Yet it is interesting to see how Tolstoy, as always, qualifies the idealizing poetry of his heroine by the sober truth of fact. A few days before her marriage Masha takes the sacrament, and her thoughts are suffused by the elation of lofty religious feelings. She ecstatically wonders how much more they will be elated by actual marriage with the man she loves. However, after the ceremony is performed she is described as
"only frightened and disappointed: all was over but nothing extraordinary, nothing worthy of the sacrament I had received had taken place in myself."
The radiant poetic atmosphere of the first part of the story is dissipated in the second part by the familiar stresses and strains of married life. Masha eventually grows impatient with the uneventfulness of country existence with her husband and craves the movement and excitement of high society in the city. Although he has lived this kind of social life himself and is aware of its shallowness, he bows to the wishes of his young wife. Her social success and eager willingness to sacrifice to it the values he prized most in her soon bring about an estrangement in their relations. At this point Tolstoy may be accused of introducing into his story a didactic puritanical element. Quite clearly he wished to suggest that the disparity in years, experience, and tastes inevitably erode the family happiness of Masha and her husband, just as they would have done if he had married Valerya. The conclusion of the story, however, saves the situation by a solution that does not appear to be false either to the reality of things or to the demands of art. Tormented by the conviction that she has lost his love, Masha at last confronts her husband with an anguished plea for an explanation. They sit on the veranda of her old house, and here the reluctant husband, prompted by tender memories of their first ecstasies and the antiphonal responses of nature as gentle summer rain clouds shadow the setting sun, offers a clarification. She accuses him of not continuing to love her as at the beginning of their marriage and of failing to exercise his authority and greater experience to save her from the mistakes she made in pursuing the illusion of social success. She had to learn this by her own experience, he tells her, and if their early passionate love has vanished, this was inevitable anyway. It can now be replaced, he adds, by another kind of love, a peaceful love.

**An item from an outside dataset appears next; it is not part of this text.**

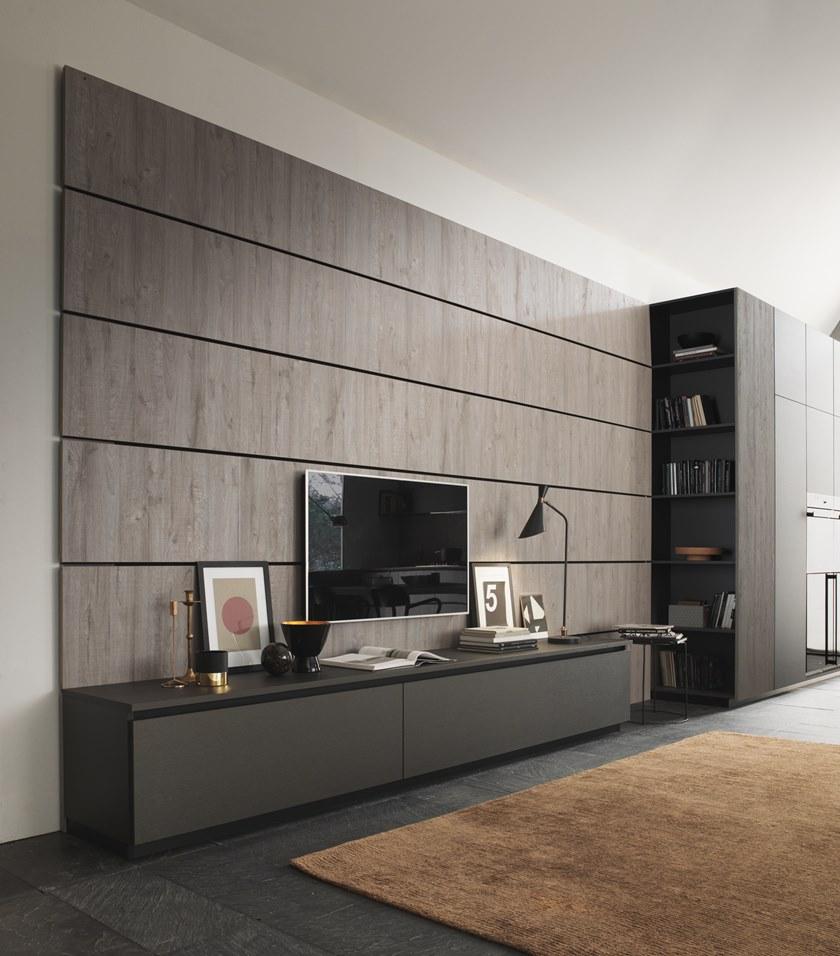 Floritelli Cucine Кухня с полуостровом без ручек Ares sun-id-1432210 - Вид №4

"Don't let us try to repeat life," he declares. "Don't let us make pretences to ourselves. Let us be thankful that there is an end of the old emotions and excitements. The excitement of searching is over for us; our quest is done, and happiness enough has fallen to our lot. Now we must stand aside and make room for him,"

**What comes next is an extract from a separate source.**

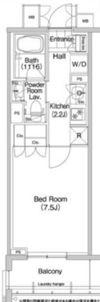 コンフォリア秋葉原EASTの間取り画像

he concludes, pointing to their infant son whom the nurse was carrying out to the veranda for their nightly blessing.
'The Cossacks' (1863), the last and longest of the pieces in this group was planned as the first part of a three-part novel which Tolstoy never completed, but the work as it stands has a beginning, middle, and end, and the inner unity of a well-rounded short novel. He began it in 1852 during his stay in the Caucasus as a cadet in the Russian army, but because of many interruptions he did not finish it until ten years later, shortly after his marriage in 1862. In fact, if he had not felt obliged to the publisher of it for an advance of a thousand roubles to pay off a gambling debt, it is possible that he might never have completed 'The Cossacks'.

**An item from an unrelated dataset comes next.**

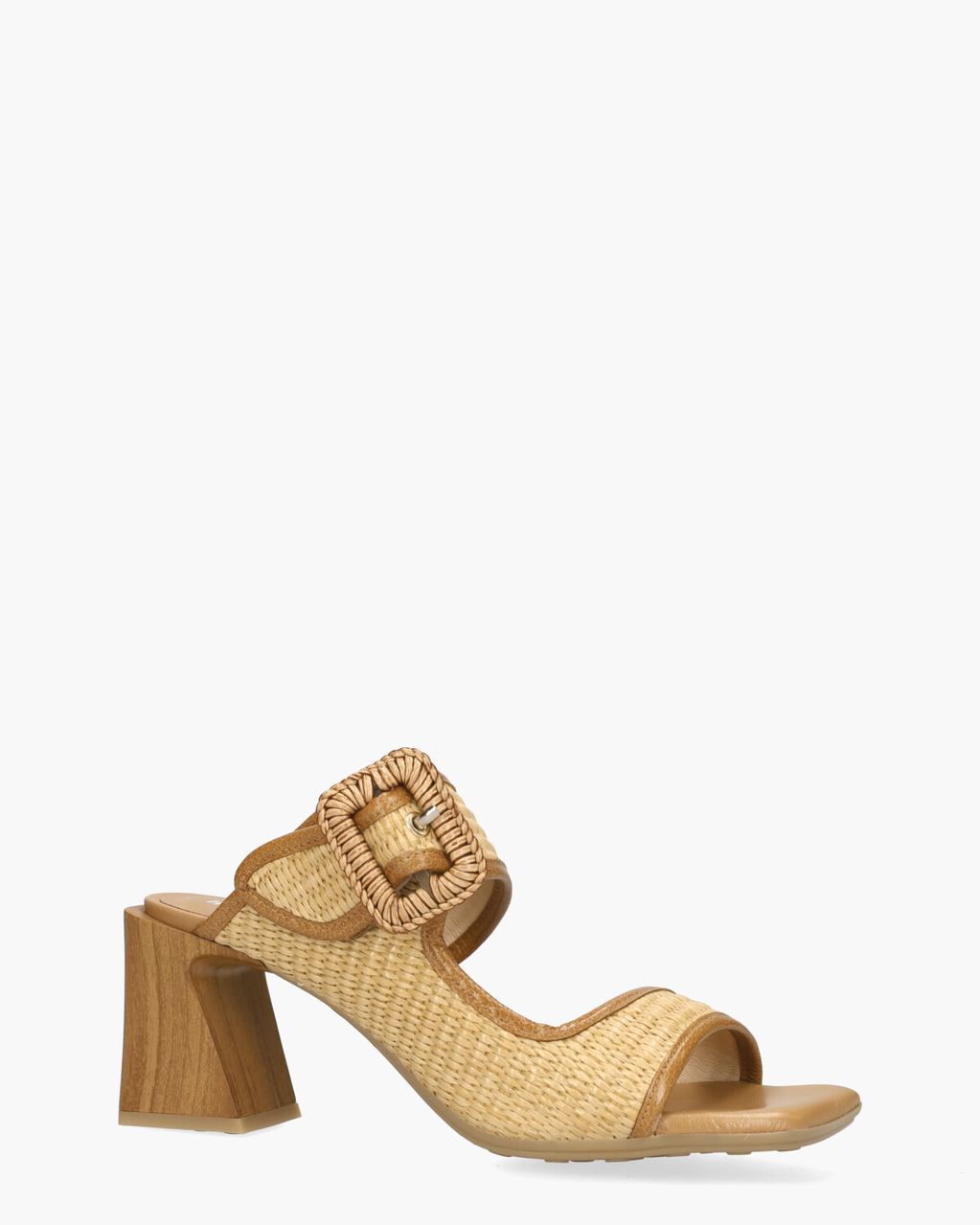 Hispanitas RHV254048 Naturel/Cognac Damesslippers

As the subtitle, "A Tale of 1852," indicates, the story concerns events of that year. At that time, when not off on a campaign, Tolstoy was quartered in the Grebensk Cossack village of Starogladkov and lived more or less the life vividly described in 'The Cossacks'. Though it is unwise to push auto-biographical correspondences too far, certain obvious sources are worth pointing out. Tolstoy stayed in the house of the old Cossack, Epishka Sekhin, who is quite faithfully portrayed as the remarkable Daddy Eroshka in the tale. And in her way, the equally impressive Maryanka was modeled on the beautiful Starogladkov Cossack girl Solomonida, as impervious to Tolstoy's attentions as the heroine is to Olenin's. Both girls preferred a dashing young Cossack like Lukashka in the story, who killed Chechens, stole horses, got drunk, and at night climbed in the window of his sweetheart without thinking who he was or why he existed.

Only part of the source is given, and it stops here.